Ach,  da fällt mir noch kurz ein erwähnenswertes Ereignis ein: Letzten Montag, als Konrad und ich uns gerade auf dem Weg nach Vimukti befanden, fand auf einer Straße in Vijayawada, die abgesperrt und nur für Fußgänger zugänglich war, eine ‚Leichenzeremonie‘ statt. Ein verstorbener Mann wurde auf offener Straße auf ein Podest gelegt und betrauert - ohne Leichentuch oder sonst etwas um ihn zu verdecken.

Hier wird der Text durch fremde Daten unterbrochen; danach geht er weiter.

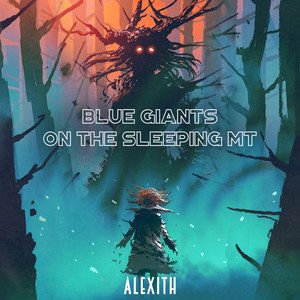 Blue Giants on the Sleeping Mt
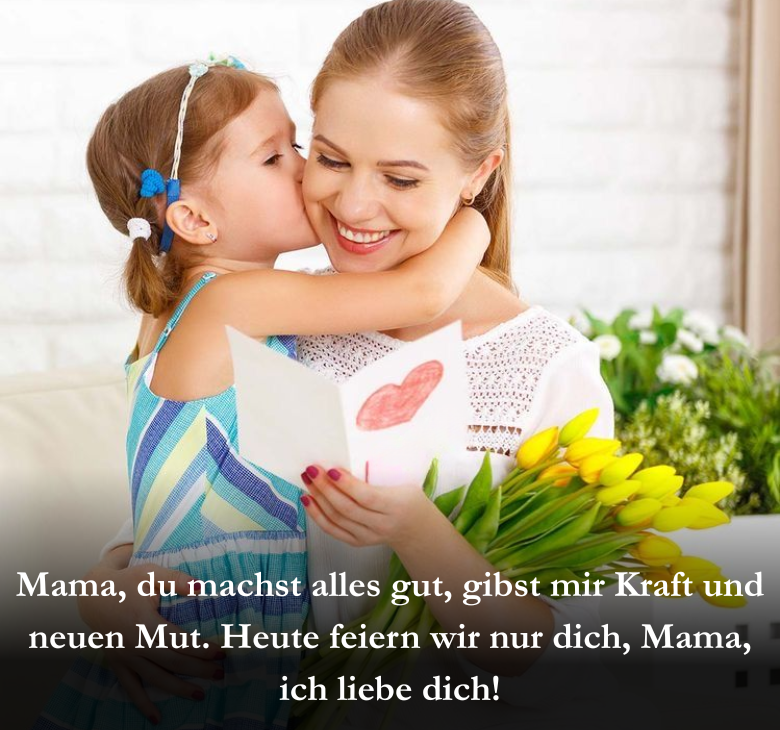 Mama, du machst alles gut, gibst mir Kraft und neuen Mut. Heute feiern wir nur dich, Mama, ich liebe dich!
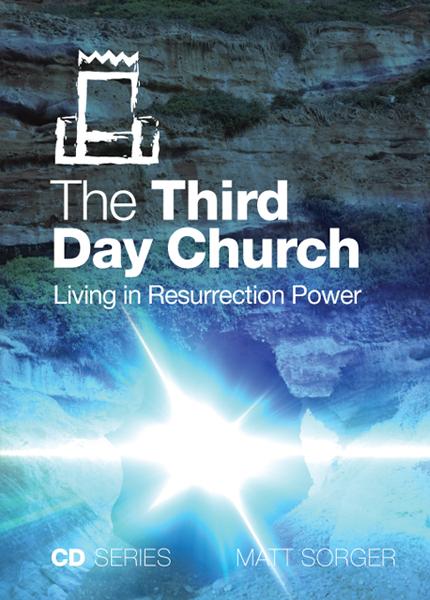 The Third Day Church - Living In Resurrection Power (MP3)
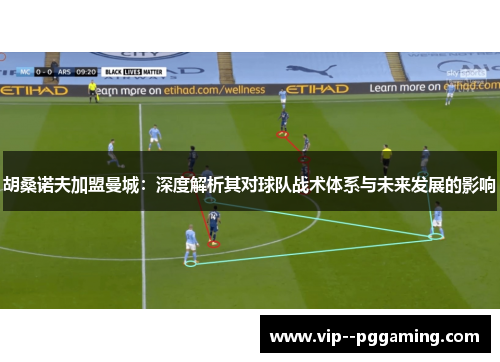 胡桑诺夫加盟曼城：深度解析其对球队战术体系与未来发展的影响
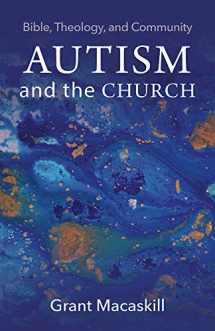 9781481311243-1481311247-Autism and the Church: Bible, Theology, and Community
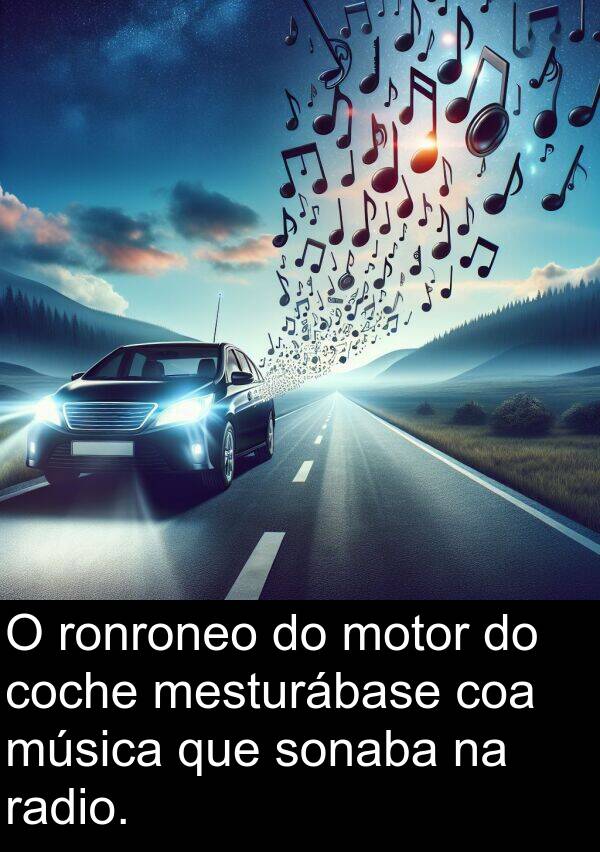 radio: O ronroneo do motor do coche mesturábase coa música que sonaba na radio.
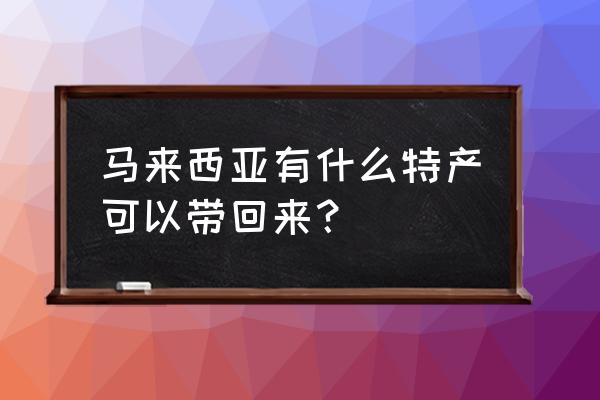 马来西亚必买的特产有什么 马来西亚有什么特产可以带回来？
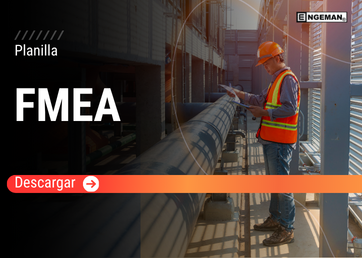 Imagen promocional de una plantilla de FMEA (Análisis de Modo y Efecto de Falla). Muestra a un operario con casco naranja y chaleco reflectante revisando anotaciones junto a una gran tubería industrial en un pasillo exterior. El acrónimo 
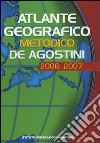 Atlante geografico metodico 2006-2007 libro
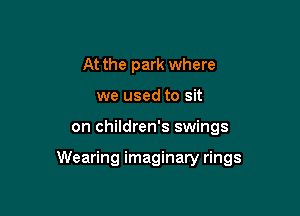 At the park where
we used to sit

on children's swings

Wearing imaginary rings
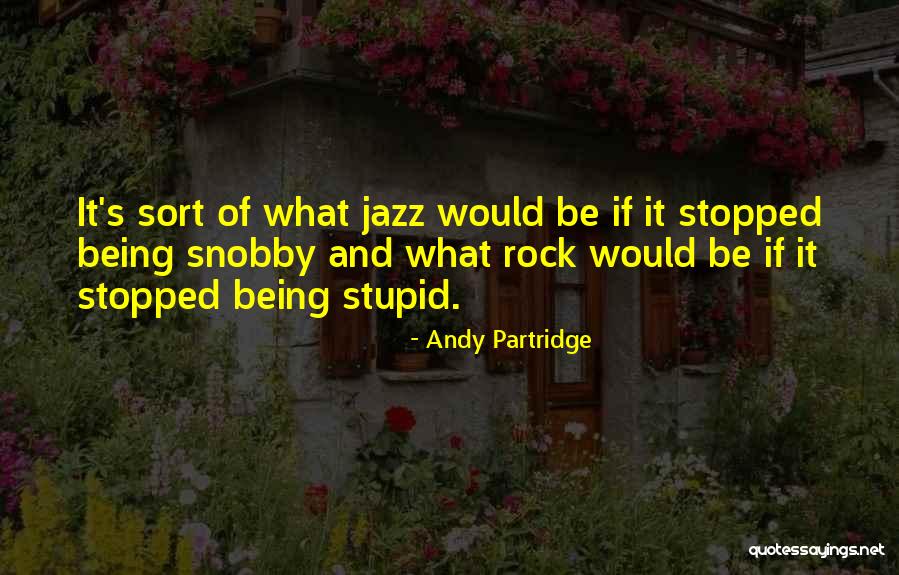 Snobby Quotes By Andy Partridge Snobby Quotes By Andy Partridge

Eine Bekannte des Toten weinte hemmungslos, und ich fragte mich, wieso so etwas öffentlich gemacht wird – gut, indische Traditionen eben. Später wurde der verstorbene Mann wahrscheinlich verbrannt und seine Asche in den Krishna River gestreut – das haben wir dann jedoch nicht mehr mitbekommen.

So, nun finde ich aber doch endgültig zu einem Ende. Auch wenn ich noch immer weiterschreiben könnte - aber meine freie Zeit am Wochenende ist begrenzt und ich habe noch ein paar Sachen für heute geplant, die sich ausgehen müssen. Meinem Schreibdrang werde ich daher erst wieder nächstes Wochenende wieder freien Lauf lassen. Bis dahin wünsche ich euch allen eine schöne Woche und viel Spaß beim Rodeln oder Schifahren oder was euch halt sonst so Unternehmungstechnisch möglich ist im österreichischen Winter und mir nicht.